ASSIGNMENT:
You are asked to reproduce the listing exactly and to omit its pictures.

RECORDS TO USE:
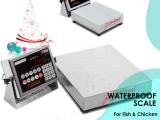 Industrial table top waterproof  weighing scale digital type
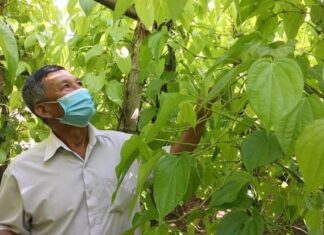 Is It Good to Plant Betel in Front of the House? 3 Things to Consider When Planting Betel Vine.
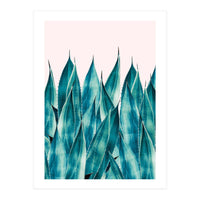 Summer Agave (Print Only)
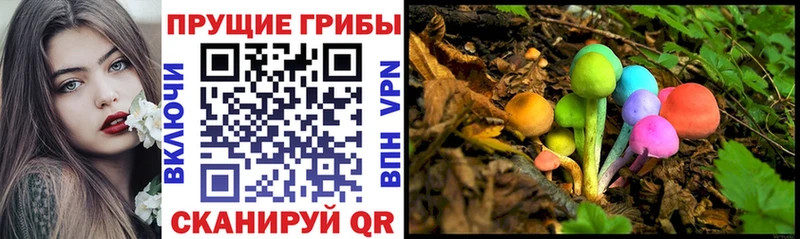 Галлюциногенные грибы Magic Shrooms  Купить где  Биробиджан 
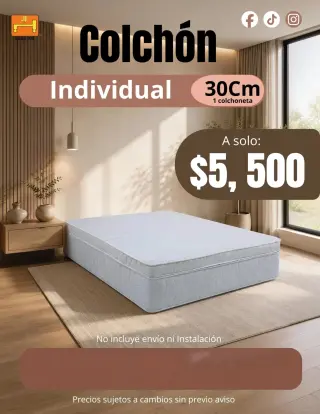 ¿Buscas un Colchón Individual Ortopédico de 30 cm  en Monterrey ?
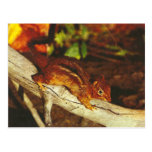 Chipmunk del vintage tarjetas postales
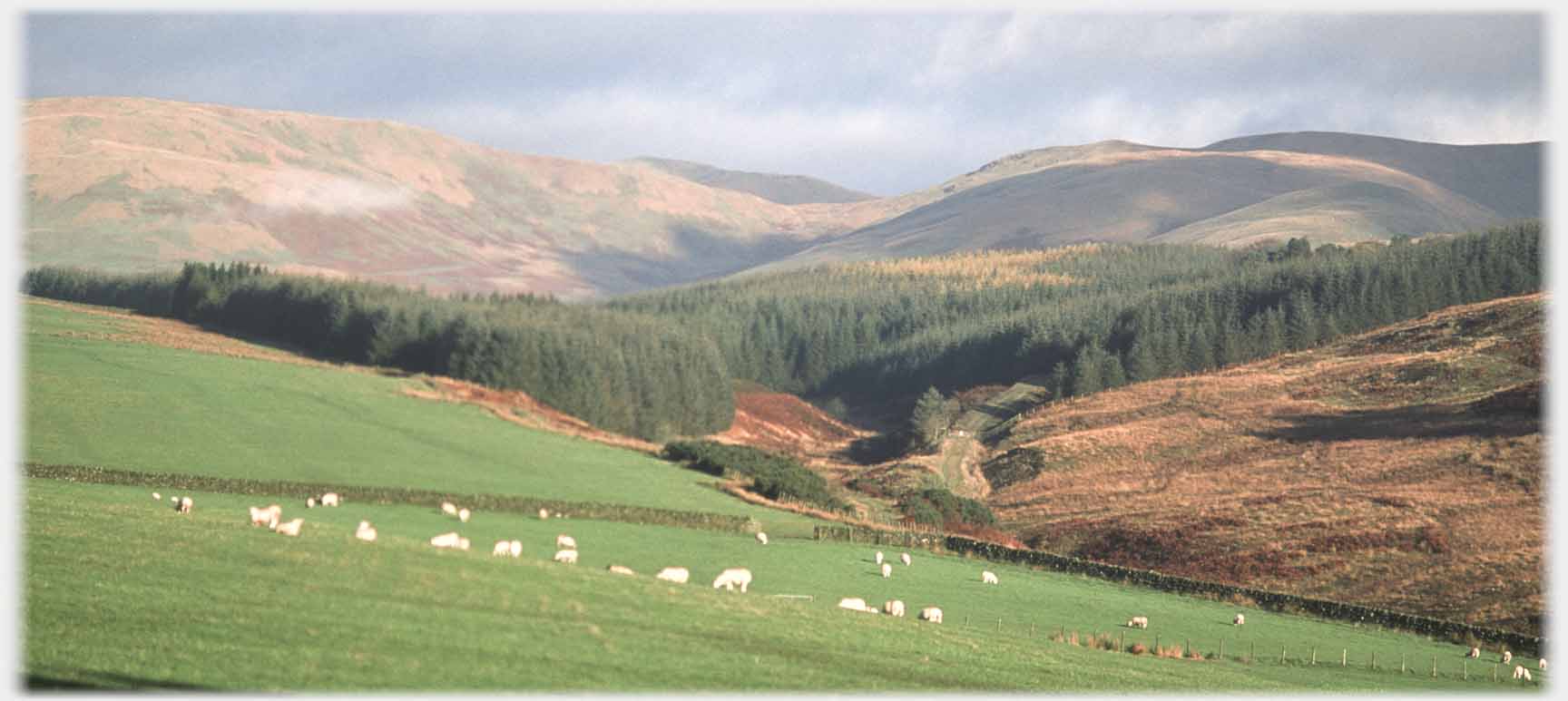 Field with sheep and hills beyond.
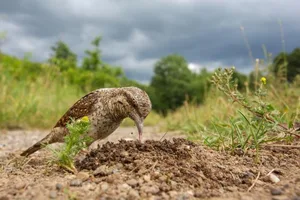 Dieses Bild von Oliver Richter ist der Gesamtsieger des Wettbewerbs. Mit seiner klebrigen Zunge ist der seltene Wendehals perfekt an den Fang von Ameisen angepasst, die er hier aus ihrem Nest holt.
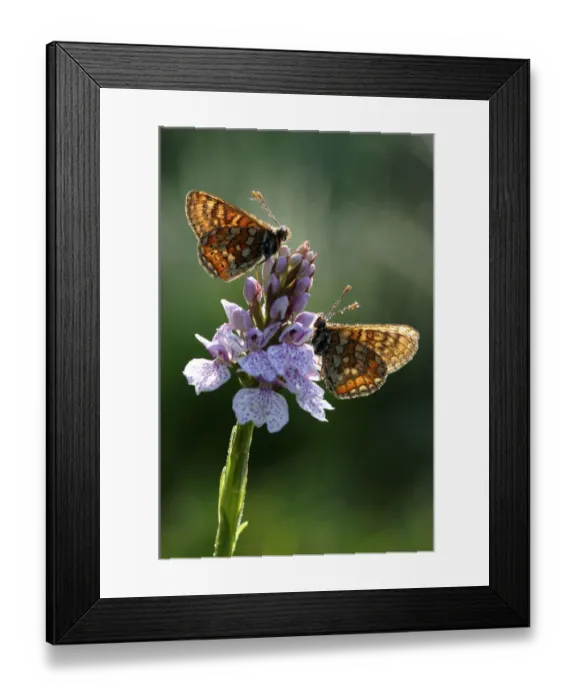 Framed Print : Marsh fritillary butterflies (Euphydryas aurinia) on Heath orchid (Dactylorhiza incarnata) Framed Print : Marsh fritillary butterflies (Euphydryas aurinia) on Heath orchid (Dactylorhiza incarnata)
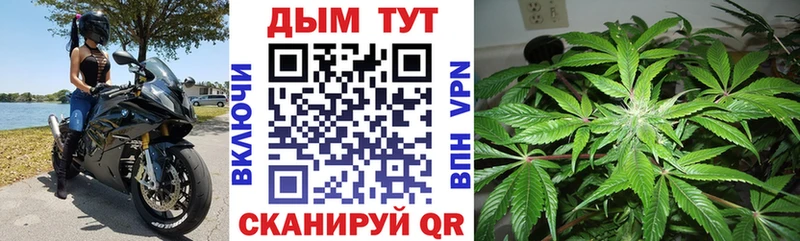 darknet официальный сайт Ленинградская Бошки марихуана White Widow
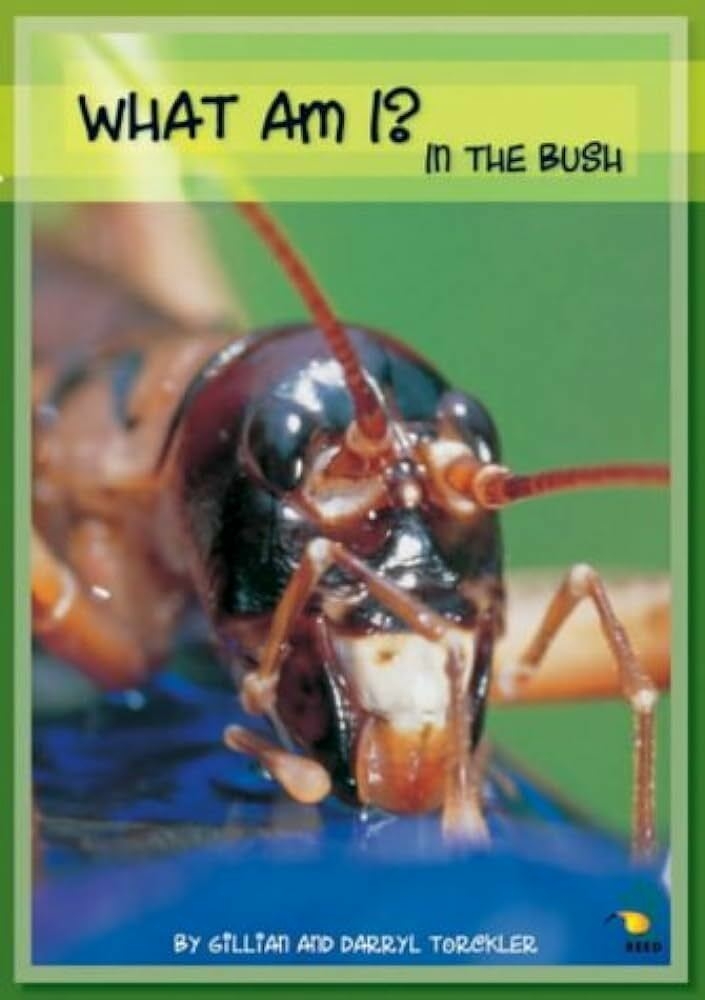 What Am I? In the Bush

YOUR SOLUTION:
 Industrial table top waterproof  weighing scale digital type
 Is It Good to Plant Betel in Front of the House? 3 Things to Consider When Planting Betel Vine.
 Summer Agave (Print Only)
 Галлюциногенные грибы Magic Shrooms  Купить где  Биробиджан 
 ¿Buscas un Colchón Individual Ortopédico de 30 cm  en Monterrey ?
 Chipmunk del vintage tarjetas postales
 Field with sheep and hills beyond.
 Dieses Bild von Oliver Richter ist der Gesamtsieger des Wettbewerbs. Mit seiner klebrigen Zunge ist der seltene Wendehals perfekt an den Fang von Ameisen angepasst, die er hier aus ihrem Nest holt.
 Framed Print : Marsh fritillary butterflies (Euphydryas aurinia) on Heath orchid (Dactylorhiza incarnata) Framed Print : Marsh fritillary butterflies (Euphydryas aurinia) on Heath orchid (Dactylorhiza incarnata)
 darknet официальный сайт Ленинградская Бошки марихуана White Widow
 What Am I? In the Bush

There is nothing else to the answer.